A foundation colleague has just interrupted us to wish me good luck in my next endeavours. “What has been the biggest highlight of your last ten years?” Well, funny you should ask…
For me, it is the collaboration of sex workers and donors that established the Red Umbrella Fund—a truly pioneering participatory fund that puts sex workers in the driver’s seat on deciding where funding goes. Mama Cash has had the pleasure to host RUF for the last five years.
This fund has taught me so much about what collaboration really means and takes, and has been a remarkable lesson in humility and in letting go, giving up control.

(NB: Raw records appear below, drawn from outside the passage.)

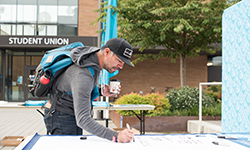 Student writing on a large piece of paper in front of the student union.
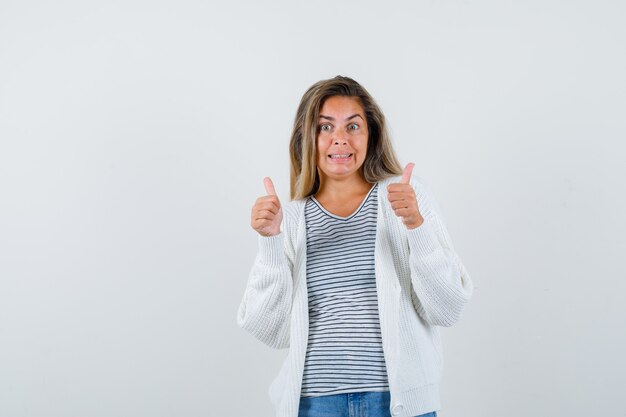 Portrait de belle femme montrant les pouces vers le haut en veste et à la vue de face heureux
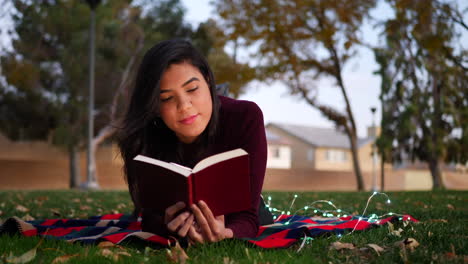 primer plano de una joven hispana leyendo las páginas de un libro de cuentos acostado al aire libre en el parque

Since our inception, Mama Cash has funded sex workers’ organizations. We realized that sex work was inaccurately conflated with human trafficking, that the human rights of sex workers around the world were routinely violated, and that sex workers’ organizations had very limited access to resources – particularly resources that allowed them to determine their own priorities and engage in human rights advocacy.
Recognising this gap and the need to address it led Mama Cash in 2009 to get involved in facilitating conversations between funders and activists.

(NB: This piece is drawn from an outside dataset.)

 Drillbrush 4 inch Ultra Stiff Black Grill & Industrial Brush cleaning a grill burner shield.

In that same year Mama Cash and the Open Society Foundation’s Sexual Health and Rights (SHARP) Project, hosted a meeting called the Donor Collaboration to Advance the Health and Human Rights of Sex Workers. The meeting was intended to define issues and areas where donor attention and collaboration were needed, and to determine next steps for collaboration between donors. While sex workers were invited to share with donors their perspectives on what the donor collaborative should do, donors were most definitely in the driver’s seat.

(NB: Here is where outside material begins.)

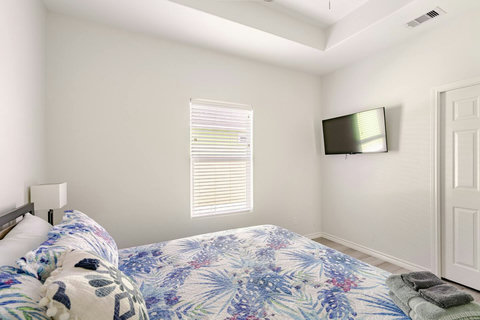 King bedroom with a smart TV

By the time of the second meeting in 2010, sex workers had organized and were clear on what they wanted out of the process: nothing about us without us.
Sex workers demanded that the collaboration no longer just be for donors but rather a genuine collaboration between donors and sex workers, one that would put the priorities of sex workers in the lead. They demanded that the focus of any funding should be on good funding (core, organizational support that is accessible to a range of groups, especially small organizations) and that it go to sex worker led groups, not NGOs working on sex worker rights.
They demanded that sex workers have control over how the money would be spent and that whatever emerged would contribute to building a global movement of sex workers. They were not satisfied with only being participants in the process—they demanded to be in the driver’s seat. Wow! It was impressive, humbling, scary and exciting.
The outcome was the creation and launch in 2012 of the Red Umbrella Fund (hosted by Mama Cash), a fund that gives sex workers a majority control on the International Steering Committee and an 80 [per cent control on the Program Advisory Committee. The Fund’s grantmaking has grown from €425,000 in 2012 to €725,000 in 2016 (an increase of 70 per cent), has supported over 103 organisations and networks globally, and has influenced the philanthropic sector to be more responsive to sex workers.
The story is outlined in this hot off the press report celebrating the creation of the Red Umbrella Fund. Rarely do we take time to capture our history and honestly reflect on lessons learned—so this is also groundbreaking.
We’d be lying if we said it was easy. Meetings were at times intense and difficult. I remember the donors being rightly (and routinely) chastised by sex workers about the acronyms we threw around. The donors too were not familiar with the language of activists.
Subsequently, we needed to allow time to build trust, listen to each other, and to understand each other’s worlds. Many sex worker groups had had bad experiences with donors, had felt misunderstood by them—their work was assumed to be about violence and trafficking.
Likewise some donors felt intimidated by the sex workers, did not have all the information they needed, and were afraid to ask. It was critical to have spaces only for sex workers to talk and the same for donors, as well as moments to come together and hash it out.
But in the end, it was really about donors surrendering control and about consciously choosing to trust and have faith in sex workers to pull this off. Together, they did. My hat is off to both!
Nicky McIntyre is the Executive Director of Mama Cash.